Ooh sounds lovely! Sounds like they are jealous of you and the attention your individual and fabulous style gets you, hence them getting you to tone it down but wearing attention grabbing things themselves.

I suppose you need to decide if you are going to allow them (unkind people) to control you (as a fully grown adult)

PrincessTeacake · 23/09/2013 22:35

I'd already decided I was going to try and limit my contact with her, this incident has me more determined to do that than ever. I keep recalling times when she's bullied me into making decisions I wasn't comfortable with because she's aware that I'm a bundle of neuroses and with my fibromyalgia don't have the energy to argue with her.

The only thing I've gotten really firm with her about was when I was to start taking long-term medication and she was completely against it. I had to get a pharmacist friend of mine to back me up.

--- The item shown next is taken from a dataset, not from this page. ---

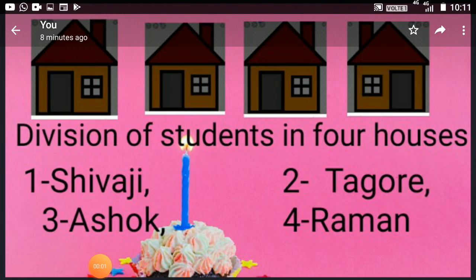Hello students, how are you? Now today in EBS, under the topic My School, you will learn about the division of students in four houses.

And her solution to my hoarding tendencies was to tell me she was going to get into my house while I was out and throw away everything, because legally she couldn't burn the house down. Why has it taken this long for me to see her for what she is?

OP posts:
IShouldNotBeHere · 24/09/2013 11:48

Just remember that you don't need her agreement on the things you do in your life, whether it be hoarding, taking medication or wearing an amazing dress.

You don't need to CONVINCE her that your decision is the right one. You don't need her approval.

My fil and sil both have the amazing ability to make me justify my actions on pretty much everything I do. I don't know how they do it because I'm not like that with everyone else!

I think it is the instant disapproval face at everything I say or the way they jump in on the attack with criticisms, or the way that they think they have the right to express their opinions on my personal this or that in an aggressive and judgemental way. Or a combination of all these!

I can hear myself justifying things which I really don't need to and I get internally annoyed with myself!

I suppose it must be because I am a pleaser and they always seem displeased, that I try to correct that and make things ok. They do it to my DH too. He is terrified of their disproval yet doesn't even respect it! How does that happen?!

Lately though I have been reminding myself that I actually don't respect their opinion or need to tell them about what is going on in my life, or care what they think. I think I am too polite a lot of the time and want things to be "nice".

I just need to come up with a way to deal with it now. Am I blunt and tell them why their ideas are stupid (which they would react aggressively too), tell them it's none of their business or just do "oh really how interesting" in an icy disinterested voice?

(would help if I wasn't so slow witted)

nickelbabe · 24/09/2013 11:59

please wear your dress, not the one she picked for you.

talk about toxic!

Hissy · 24/09/2013 17:23

Oh lovey, this is so much more than a wedding and a dress.

I think you need a conversation with your brother about the fact that your DM is going to ruin his wedding if he lets her.

Wear the dress you like, do whatever suits you and is best for you and get some real heavy duty support to help you overcome the issues you have with her.

I think the hoarding will most definitely be related to this conflict.

Mimishimi · 25/09/2013 05:05

Is she afraid you might upstage the bride? That dress does look like something she or the bridesmaids might wear.

SmallTorch · 25/09/2013 06:19

I would love to see the actual dress.